Mu PRP security of \(\mathrm {XC}\) on 3 iterations (left) and 4 iterations (right) on \(k = n = 32\) : uniform versus distinct subkeys. The dashed lines depict the bound in Theorem 4, and the solid ones depict the bound in Theorem 5. In both pictures, \(p = q\), and the x-axis gives the log (base 2) of p, and the y-axis gives upper bounds on the mu PRP security of \(\mathrm {XC}\). The parameters n and k are chosen to be small so that in the right picture, the gap between the two lines is visible to the naked eye.

Interpreting the bounds in Theorem 5. For the case \(t = 3\), there’s a considerable gap compared to the matching attack.

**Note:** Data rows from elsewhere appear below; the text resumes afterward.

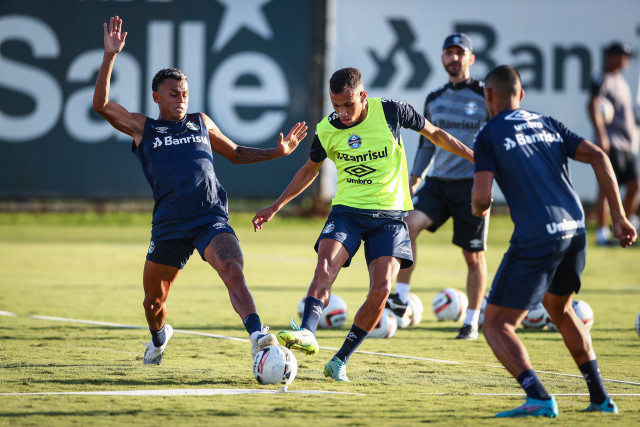 Grêmio abre semana de treinamentos com foco no Guarani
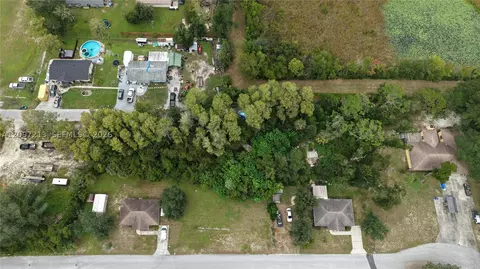930 NE 1st Ter, Crystal River, FL 34429 photo 23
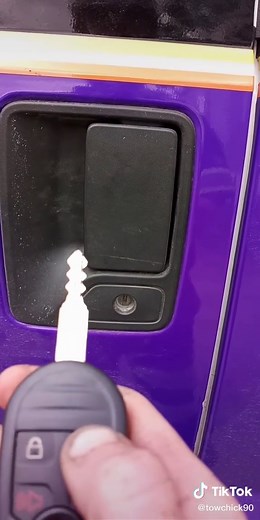 Embarrassing when you have to call another tow truck. #oncall #towlife #wellfuck #wreckerlife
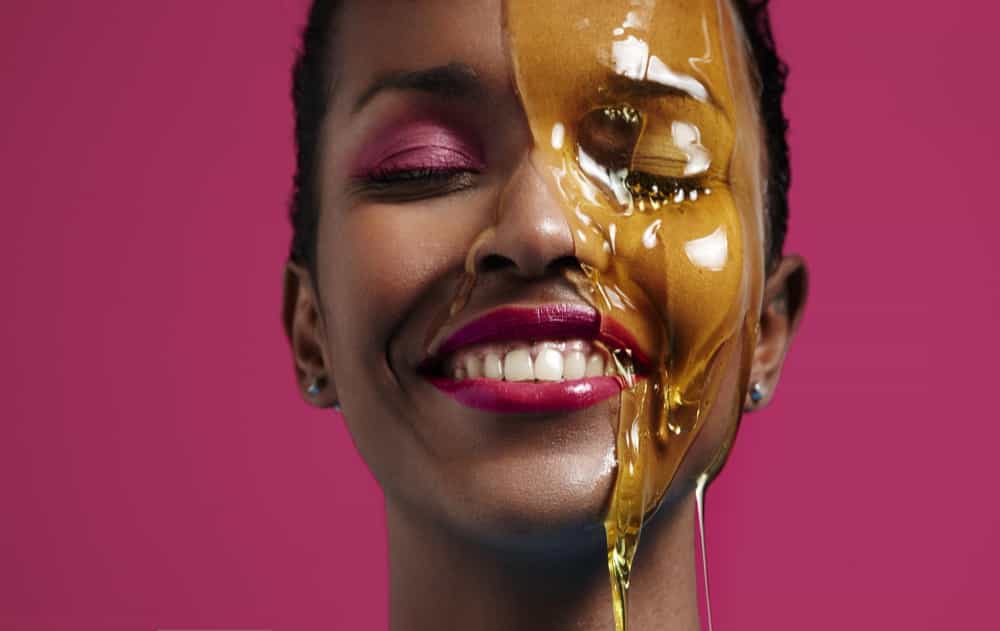Bisa Bikin Glowing, Ini Manfaat Masker Madu untuk Kulit
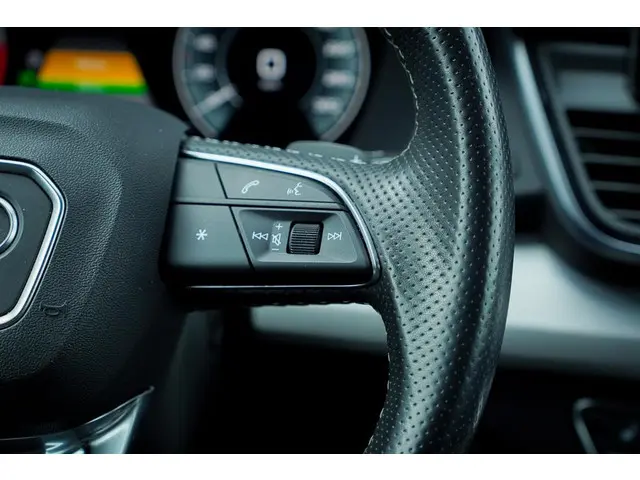 Audi Q5 50 TFSI e S edition 2021 Hybride Benzine 26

See Fig. 9 for an illustration of the degradation of the bound in Theorem 5 compared to that in Theorem 4. This gap is probably an artifact of the proof technique rather than reflecting a true security loss when using uniform subkeys: for example, in the su case, if \(J_1 = \cdots = J_t\) then we give up, but of course even in this extreme case, the construction should still retain some reasonable security. For \(t \ge 4\) and all practical choices of n and k, the bounds in Theorems 5 and 4 are close: the former is just about \(t^2 + 1\) times worse than the latter. To justify this, note that we can assume that \(4(p+ qt) / 2^{n} > 2^{k/2}\), otherwise both bounds are tiny. Then

$$ \frac{qt^2}{2^k} \left( \frac{t}{2^{k}} + \frac{4p + 4qt}{2^{k + n}}\right) ^{t - 2} \approx \frac{qt^2}{2^k} \left( \frac{4p + 4qt}{2^{k + n}}\right) ^{t - 2} < t^2 \cdot \frac{ 4^t q (p + qt)^t}{2^{(n + k)t}}. $$

Pictorially, as shown in Fig. 9, the two bounds are too close, and we have to choose very small n and k so that the gap between the two lines is still visible to the naked eye. Likewise, for \(t = 2\) and and all practical choices of n and k, the bound in Theorem 5 is about twice worse than that of Theorem 4. (In Proposition 1, for \(t = 2\), if \(J_1 = J_2\) then we don’t give up, but show that the construction still retains security bound up to \(\frac{4qp}{2^{k + n}} + \frac{2q}{2^{n/2}}\). However, this method fails to work for \(t = 3\). It’s why the bound in Theorem 5 is still sharp for \(t = 2\), but deteriorates for \(t = 3\).)